ACTIVITY:
Would you transcribe the records below from the line with "Ingrid & Isabel" to the line with "Realme8 5G จอ6.5นิ้ว", ends included, exactly and with nothing more, leaving the pictures out?

((

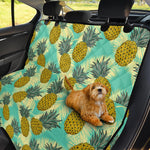 Tropical Vintage Pineapple Pattern Print Pet Car Back Seat Cover
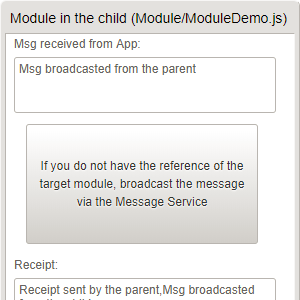 Messages between modules image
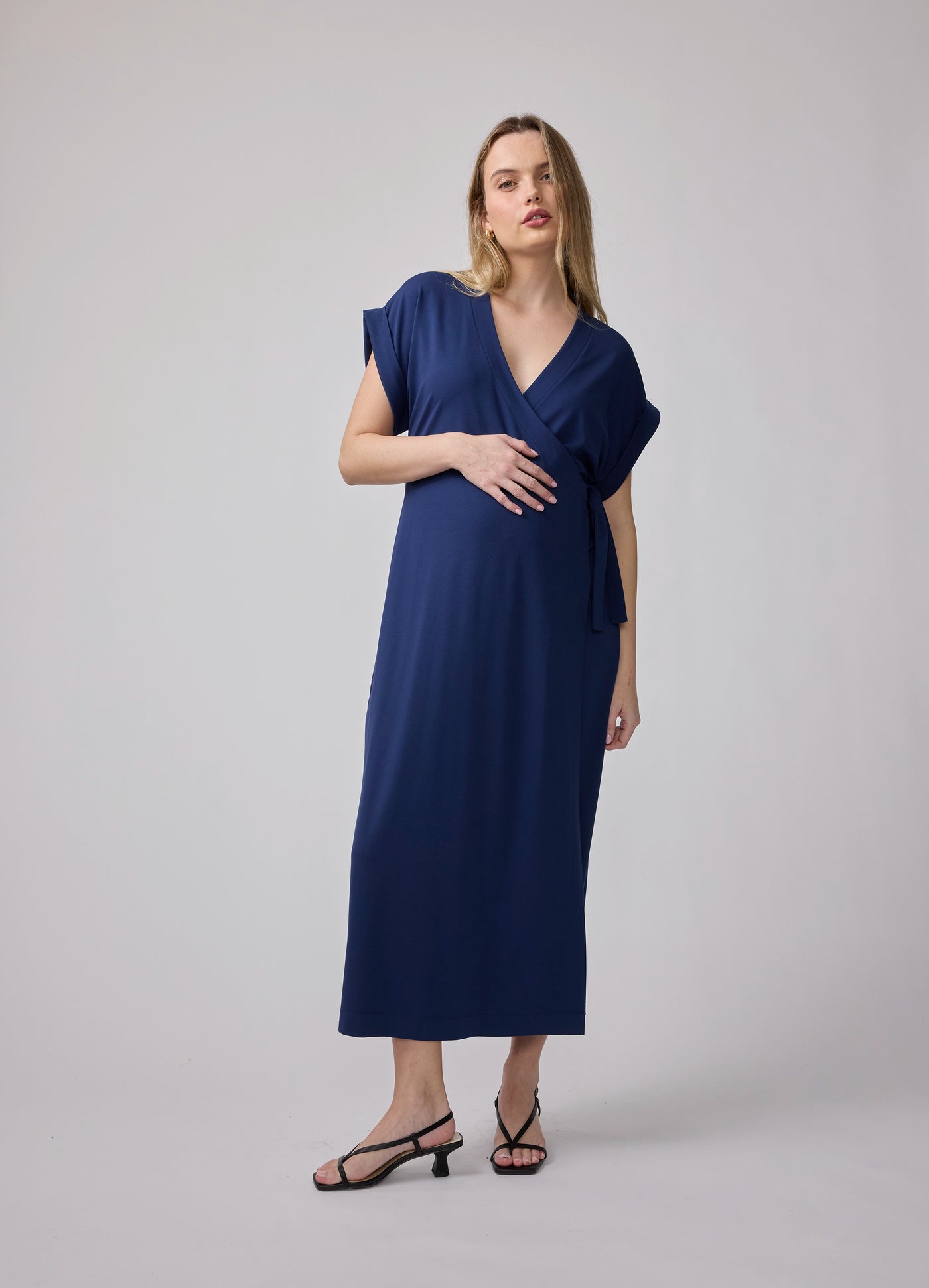 Ingrid & Isabel Maternity Short Sleeve Wrap Dress X-Small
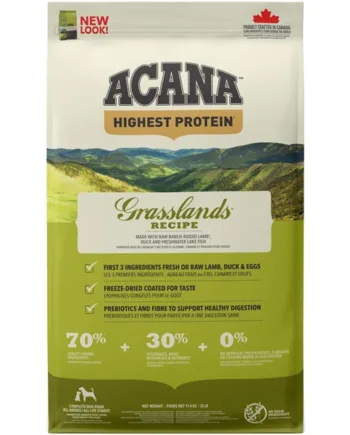 Acana Grasslands Hundefoder – 70% Kød, Kornfri Kvalitet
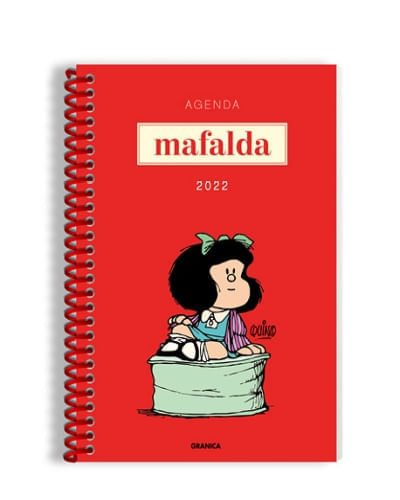 MAFALDA 2022 ANILLADA MODULOS ROJO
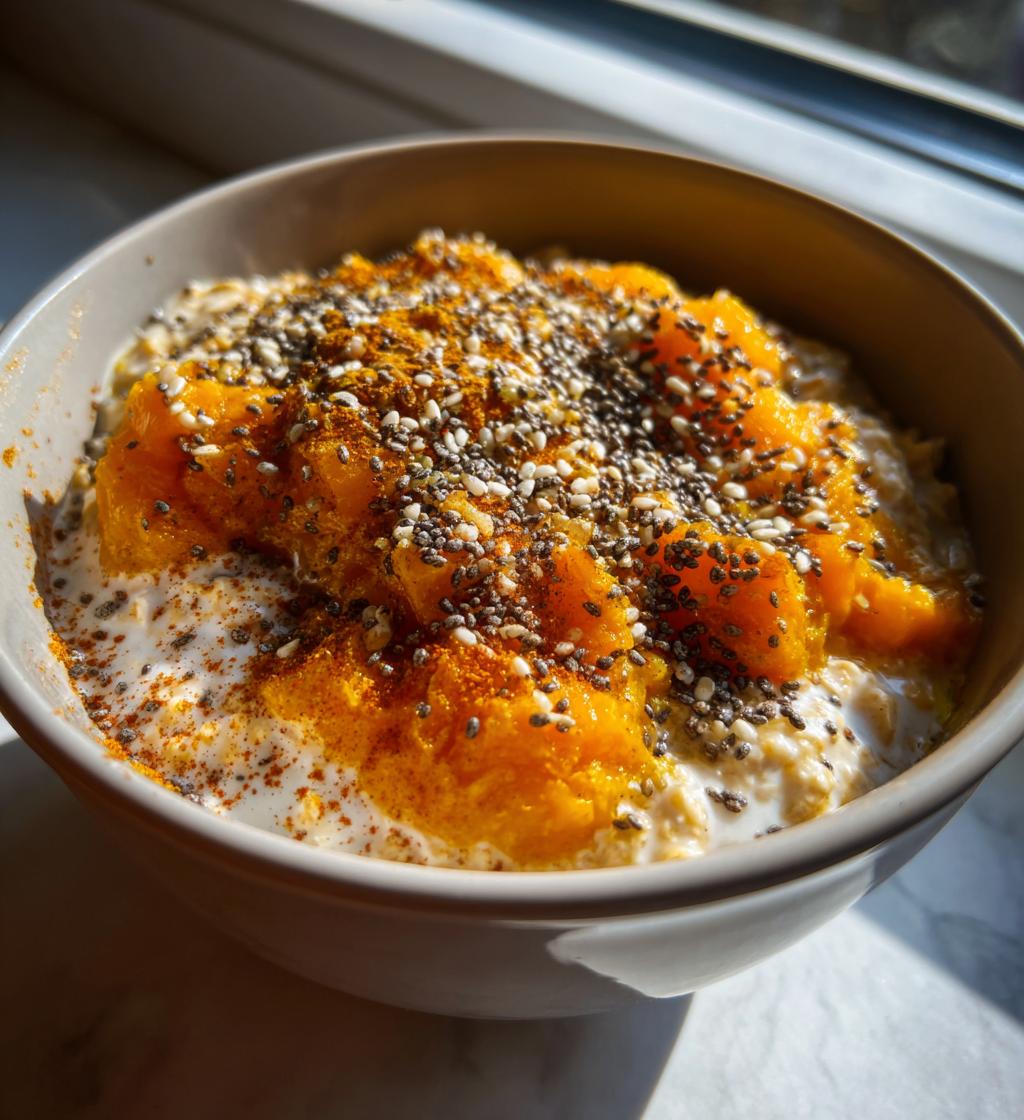 pumpkin pie overnight oats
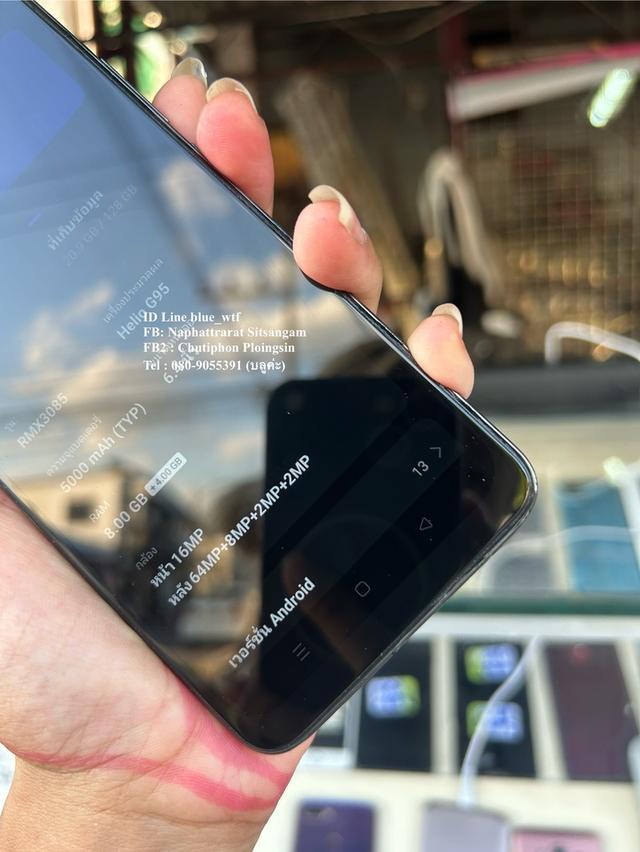 Realme8 5G จอ6.5นิ้ว 2ซิม Rom128Ram8 Android13 โหลดแอพได้ ใช้งานปกติ ได้ทุกซิม รูปที่ 3
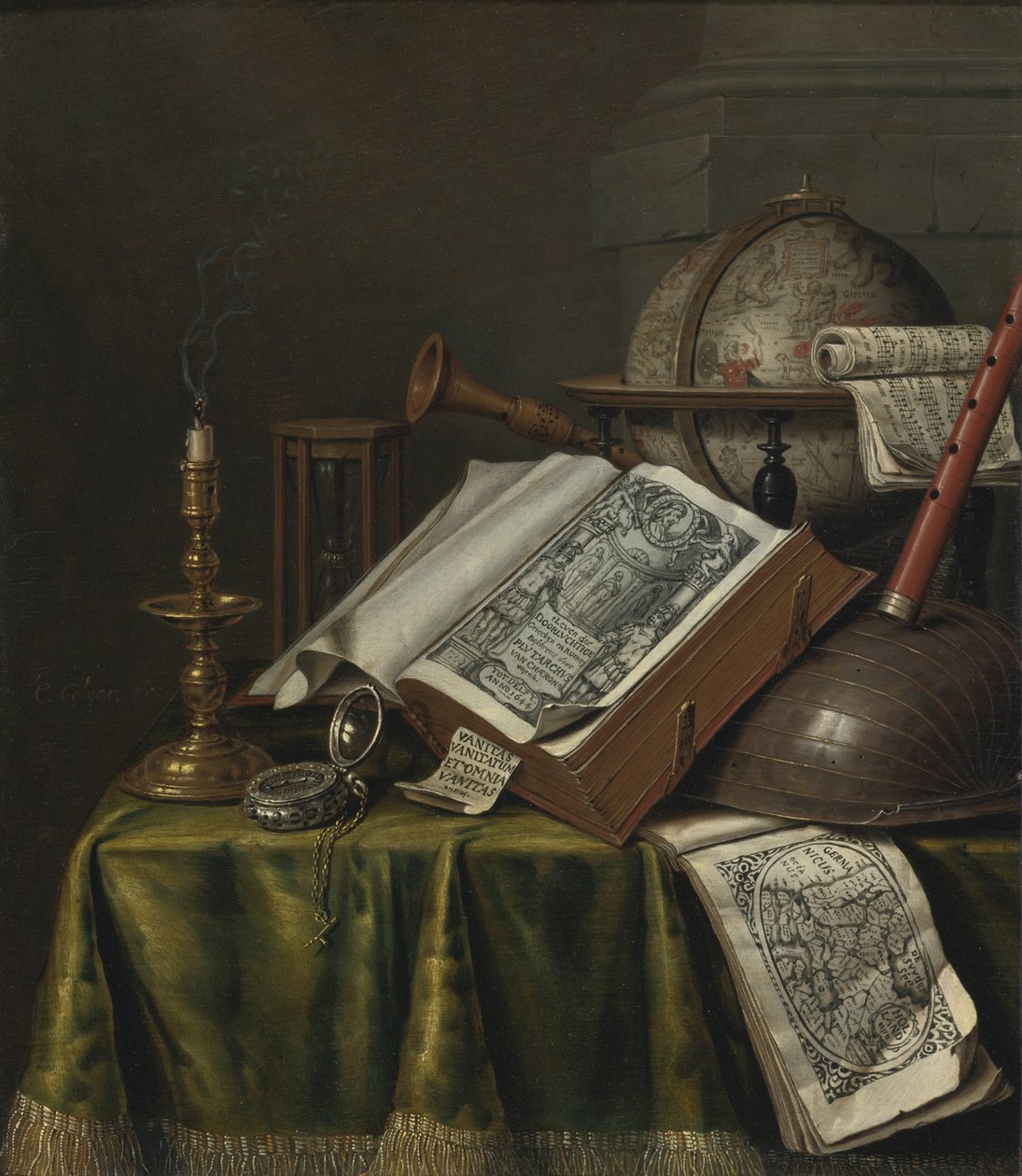 Natura morta vanitas da Edward Collier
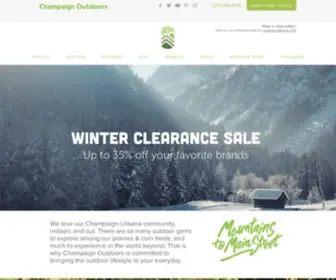Champaignoutdoors.com(Champaign Outdoors (formerly Champaign Surplus)) Screenshot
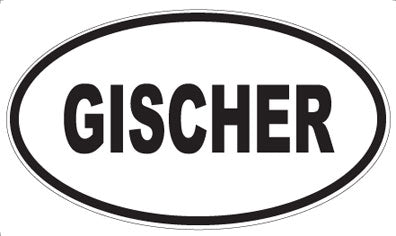 GISCHER - Oval Magnet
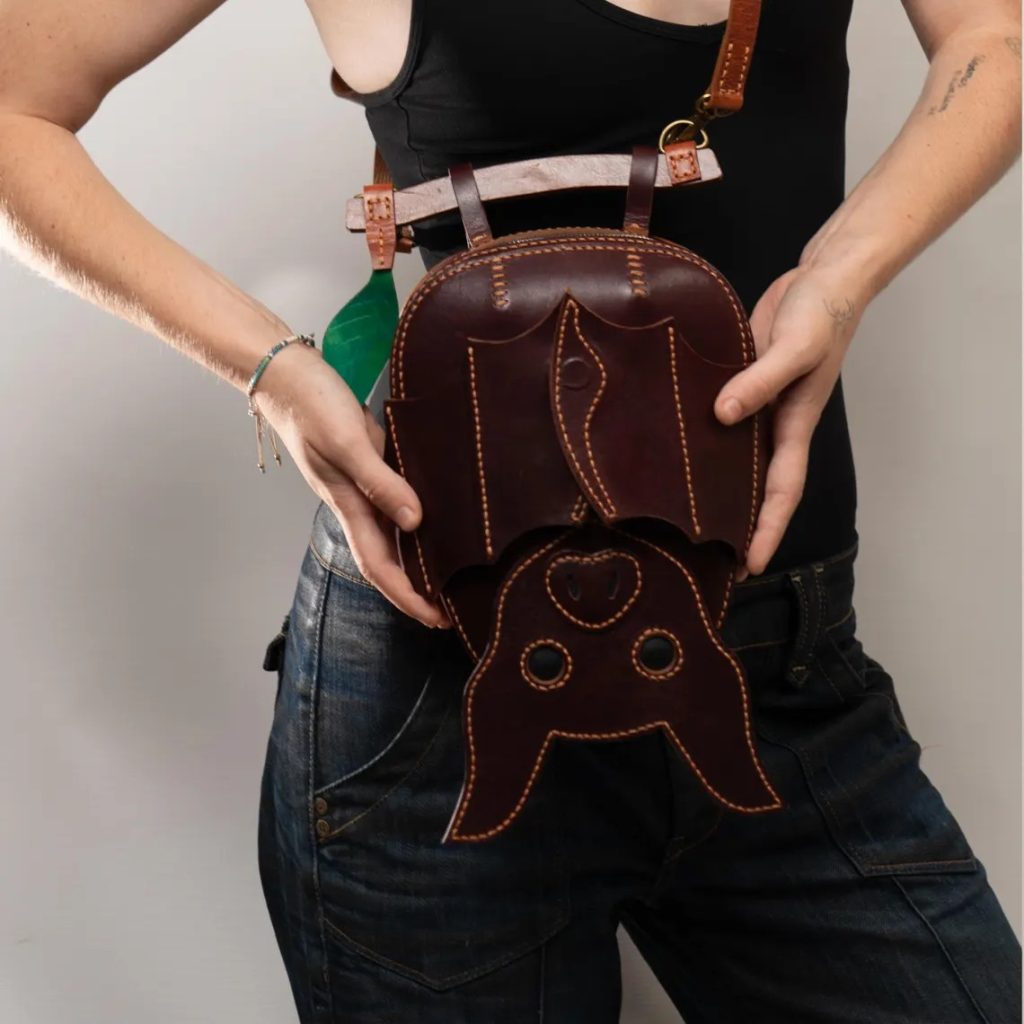 图片[2]-手工皮具图纸 蝙蝠背包vp226-皮艺果手工皮具图纸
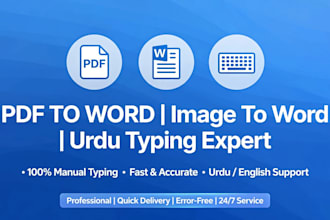convert scanned PDF to word and urdu typing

))

YOUR SOLUTION:
 Ingrid & Isabel Maternity Short Sleeve Wrap Dress X-Small
 Acana Grasslands Hundefoder – 70% Kød, Kornfri Kvalitet
 MAFALDA 2022 ANILLADA MODULOS ROJO
 pumpkin pie overnight oats
 Realme8 5G จอ6.5นิ้ว 2ซิม Rom128Ram8 Android13 โหลดแอพได้ ใช้งานปกติ ได้ทุกซิม รูปที่ 3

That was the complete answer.